Source material:

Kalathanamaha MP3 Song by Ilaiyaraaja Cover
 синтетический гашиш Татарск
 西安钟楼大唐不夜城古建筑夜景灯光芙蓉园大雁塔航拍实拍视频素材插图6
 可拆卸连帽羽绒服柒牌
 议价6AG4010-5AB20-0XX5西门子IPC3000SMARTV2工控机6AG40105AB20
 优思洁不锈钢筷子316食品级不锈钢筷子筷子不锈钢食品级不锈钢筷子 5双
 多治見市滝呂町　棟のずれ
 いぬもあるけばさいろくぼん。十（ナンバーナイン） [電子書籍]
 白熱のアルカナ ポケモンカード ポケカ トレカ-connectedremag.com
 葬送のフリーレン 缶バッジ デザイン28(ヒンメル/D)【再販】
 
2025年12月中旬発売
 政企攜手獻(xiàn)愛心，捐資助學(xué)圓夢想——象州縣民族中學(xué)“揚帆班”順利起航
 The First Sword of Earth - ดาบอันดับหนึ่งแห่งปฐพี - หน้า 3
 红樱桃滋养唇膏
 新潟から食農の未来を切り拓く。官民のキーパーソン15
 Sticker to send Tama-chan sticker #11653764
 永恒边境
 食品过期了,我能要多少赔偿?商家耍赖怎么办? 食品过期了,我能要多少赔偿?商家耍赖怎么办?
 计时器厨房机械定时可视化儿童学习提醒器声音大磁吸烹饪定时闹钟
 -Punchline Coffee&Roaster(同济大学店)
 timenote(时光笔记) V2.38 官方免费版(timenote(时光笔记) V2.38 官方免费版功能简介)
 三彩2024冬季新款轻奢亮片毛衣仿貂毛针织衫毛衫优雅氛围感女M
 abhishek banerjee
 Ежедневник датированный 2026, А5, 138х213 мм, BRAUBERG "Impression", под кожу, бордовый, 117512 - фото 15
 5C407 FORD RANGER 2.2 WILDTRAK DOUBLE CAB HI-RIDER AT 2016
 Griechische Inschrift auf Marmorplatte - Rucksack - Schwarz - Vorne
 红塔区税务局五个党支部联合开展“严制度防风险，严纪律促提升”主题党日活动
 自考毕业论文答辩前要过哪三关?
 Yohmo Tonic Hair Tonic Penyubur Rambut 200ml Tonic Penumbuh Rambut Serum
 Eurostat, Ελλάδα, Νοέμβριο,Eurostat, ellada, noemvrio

Task directions:
Reproduce the data in full. Nothing in it may be altered.

Your response:
Kalathanamaha MP3 Song by Ilaiyaraaja Cover
 синтетический гашиш Татарск
 西安钟楼大唐不夜城古建筑夜景灯光芙蓉园大雁塔航拍实拍视频素材插图6
 可拆卸连帽羽绒服柒牌
 议价6AG4010-5AB20-0XX5西门子IPC3000SMARTV2工控机6AG40105AB20
 优思洁不锈钢筷子316食品级不锈钢筷子筷子不锈钢食品级不锈钢筷子 5双
 多治見市滝呂町　棟のずれ
 いぬもあるけばさいろくぼん。十（ナンバーナイン） [電子書籍]
 白熱のアルカナ ポケモンカード ポケカ トレカ-connectedremag.com
 葬送のフリーレン 缶バッジ デザイン28(ヒンメル/D)【再販】
 
2025年12月中旬発売
 政企攜手獻(xiàn)愛心，捐資助學(xué)圓夢想——象州縣民族中學(xué)“揚帆班”順利起航
 The First Sword of Earth - ดาบอันดับหนึ่งแห่งปฐพี - หน้า 3
 红樱桃滋养唇膏
 新潟から食農の未来を切り拓く。官民のキーパーソン15
 Sticker to send Tama-chan sticker #11653764
 永恒边境
 食品过期了,我能要多少赔偿?商家耍赖怎么办? 食品过期了,我能要多少赔偿?商家耍赖怎么办?
 计时器厨房机械定时可视化儿童学习提醒器声音大磁吸烹饪定时闹钟
 -Punchline Coffee&Roaster(同济大学店)
 timenote(时光笔记) V2.38 官方免费版(timenote(时光笔记) V2.38 官方免费版功能简介)
 三彩2024冬季新款轻奢亮片毛衣仿貂毛针织衫毛衫优雅氛围感女M
 abhishek banerjee
 Ежедневник датированный 2026, А5, 138х213 мм, BRAUBERG "Impression", под кожу, бордовый, 117512 - фото 15
 5C407 FORD RANGER 2.2 WILDTRAK DOUBLE CAB HI-RIDER AT 2016
 Griechische Inschrift auf Marmorplatte - Rucksack - Schwarz - Vorne
 红塔区税务局五个党支部联合开展“严制度防风险，严纪律促提升”主题党日活动
 自考毕业论文答辩前要过哪三关?
 Yohmo Tonic Hair Tonic Penyubur Rambut 200ml Tonic Penumbuh Rambut Serum
 Eurostat, Ελλάδα, Νοέμβριο,Eurostat, ellada, noemvrio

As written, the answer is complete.